1 Introduction
K Nearest Neighbor (KNN) is a very simple supervised classification algorithm which is easy to understand, versatile and one of the topmost machine learning algorithms. The KNN algorithm can be used for both classification (binary and multiple) and regression problems.
For this post the dataset Iris from the statistic platform “Kaggle” was used. You can download it from my “GitHub Repository”.
2 Background information on KNN
In general we can say KNN is a non-parametric and lazy learning algorithm.
Non-parametric means there is no assumption for underlying data distribution. But this will be very helpful in practice where most of the real world datasets do not follow mathematical theoretical assumptions.
Lazy Learning means there is no need for learning or training of the model and all of the data points used at the time of prediction. Lazy learners wait until the last minute before classifying any data point. In comparison to that eager learners will construct with given training points a generalized model before performing prediction on given new points to classify.
Curse of Dimensionality
K Nearest Neighbor performs better with a lower number of features than a large number of features. You can say that when the number of features increases than it requires much more data. Increase in dimension also leads to the problem of overfitting. To avoid overfitting, the needed data will need to grow exponentially as you increase the number of dimensions. This problem of higher dimension is known as the Curse of Dimensionality.
How does the KNN algorithm work?
In KNN, K is the number of nearest neighbors.
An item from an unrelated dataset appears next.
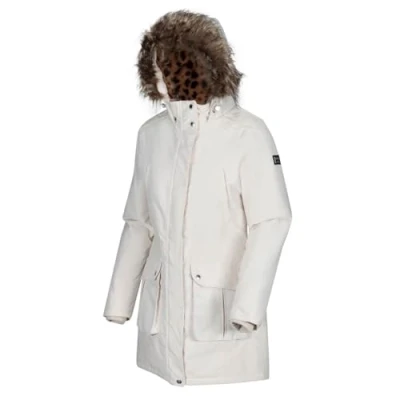 Image of Regatta Sefarina Waterproof Brethable Isotex 10000 Heavyweight Fill Durable Water Repellent Finish Internal Security Pocket Jacket Lightvanilla, 26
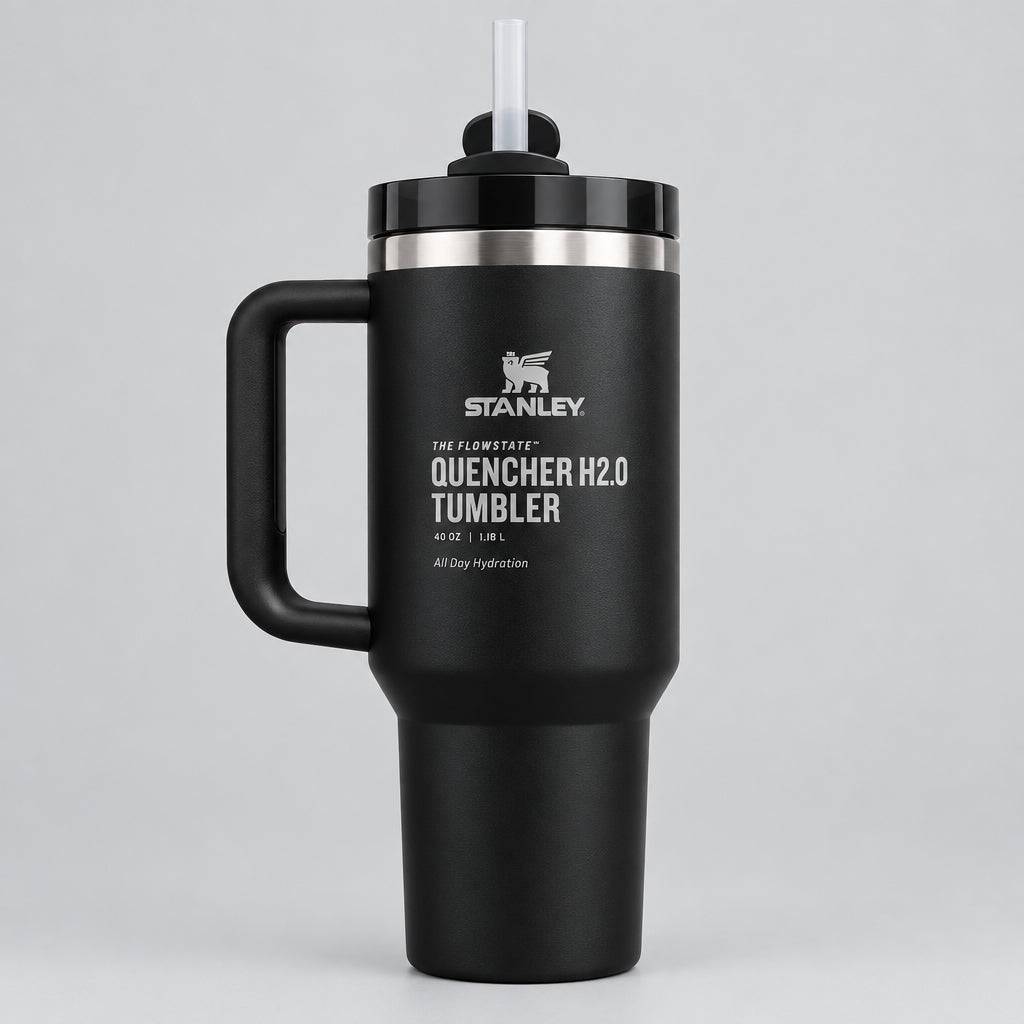 BLACK 40oz Quencher H2.0 FlowState Stainless Steel Vacuum Tumbler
KNN works as described in the following steps:
- Computes the distance between the new data point with every training example.
- For computing the distance measures such as Euclidean distance, Manhattan or Hamming distance will be used.
- Model picks K entries in the database which are closest to the new data point.
- Then it does the majority vote i.e the most common class/label among those K entries will be the class of the new data point.
I have shown the individual steps visually below:
Pros:
- The training phase of K-nearest neighbor classification is much faster compared to other classification algorithms.
- There is no need to train a model for generalization, That is why KNN is known as the simple and instance-based learning algorithm.
- KNN can be useful in case of nonlinear data.
- It can be used with the regression problem. Output value for the object is computed by the average of k closest neighbors value.
Cons:
- The testing phase of K-nearest neighbor classification is slower and costlier in terms of time and memory.
- It requires large memory for storing the entire training dataset for prediction.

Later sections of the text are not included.